Updated: Nov 27,2014 2:42 PM     China Daily

Chinese students studying in the UK are to be recruited by a government agency to help British companies enter the Chinese market.

Exports agency UK Trade and Investment on Nov 25 launched the Great Ambassadors China program under which Chinese-speaking students will liaise with companies in Britain, helping them to understand the language, culture and the way business operates in China.

UKTI selected China as the target market for its pilot project because of the 70,000 Chinese students currently studying in Britain, the largest demographic group of overseas students in the country.

Additionally, the growing Chinese market is expected to become the largest among all emerging markets for trade and investment.

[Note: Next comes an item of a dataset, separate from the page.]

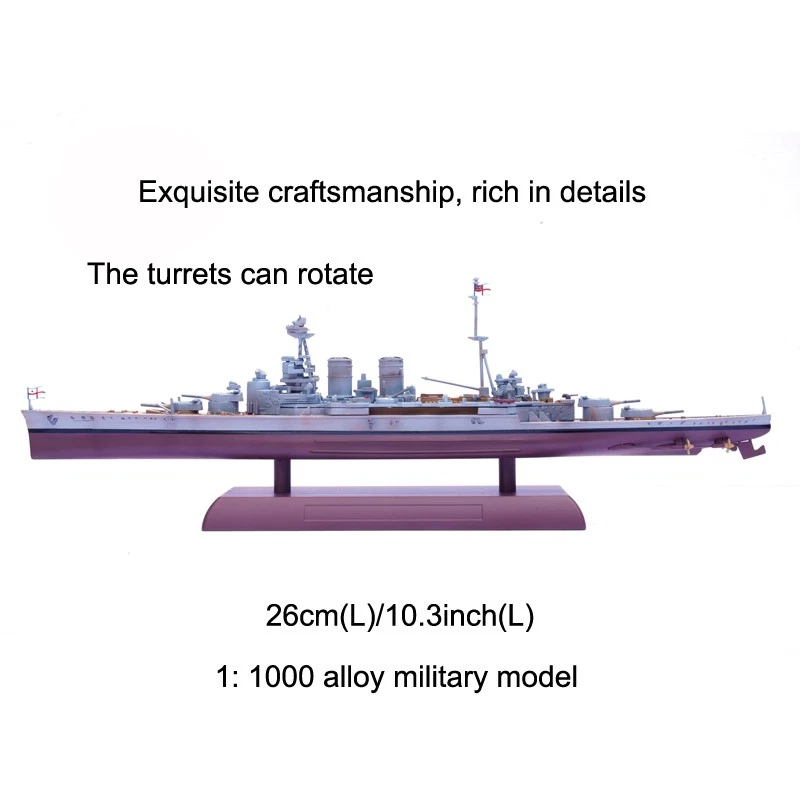 1:1000 Diecast Militärmodell Britischer Schlachtkreuzer HMS Hood Kriegsschiff - Bild 2 von 4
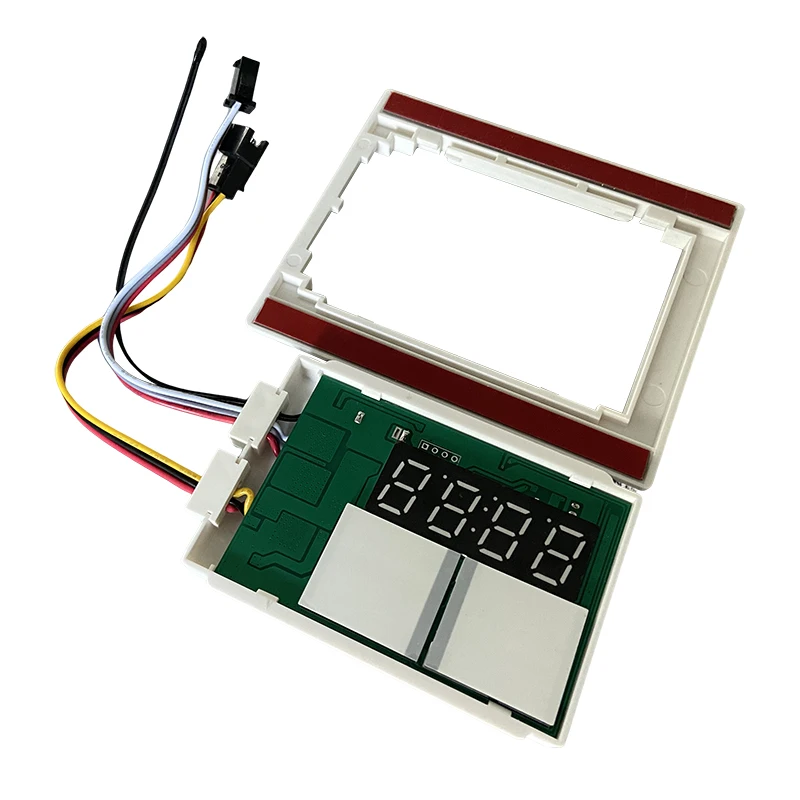 Mirror Touch Control Switch 60w 12v Double-key Touch Switch With Time Temperature Display Touch Switch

UKTI officials predict China will invest $1.25 trillion overseas over the coming 10 years.

The University of Sheffield in northern England has been chosen as the host institution for the pilot project because it boasts the largest Chinese student population in Britain, as well as one of the country’s largest and most established East Asian Studies departments.

Paul White, the university’s deputy vice-chancellor, said, “I am delighted that the University of Sheffield has been chosen to be the host institution for the Great Ambassadors China pilot project and am looking forward to watching the scheme grow.”

White said the project will provide a wide range of long-term career benefits for students as well as leaving a lasting impact on the businesses involved.

“This scheme gives our Chinese-speaking students the unique opportunity to acquire valuable employable skills with innovative companies who are looking to develop and expand their trade links with China,” added White.

Lord Livingston, the trade and investment minister, said: “China offers great opportunities for UK companies of all sizes, with growing demand for brand Britain. Chinese-speaking students can help UK businesses to overcome the linguistic and cultural barriers that could stand between them and the Chinese market.”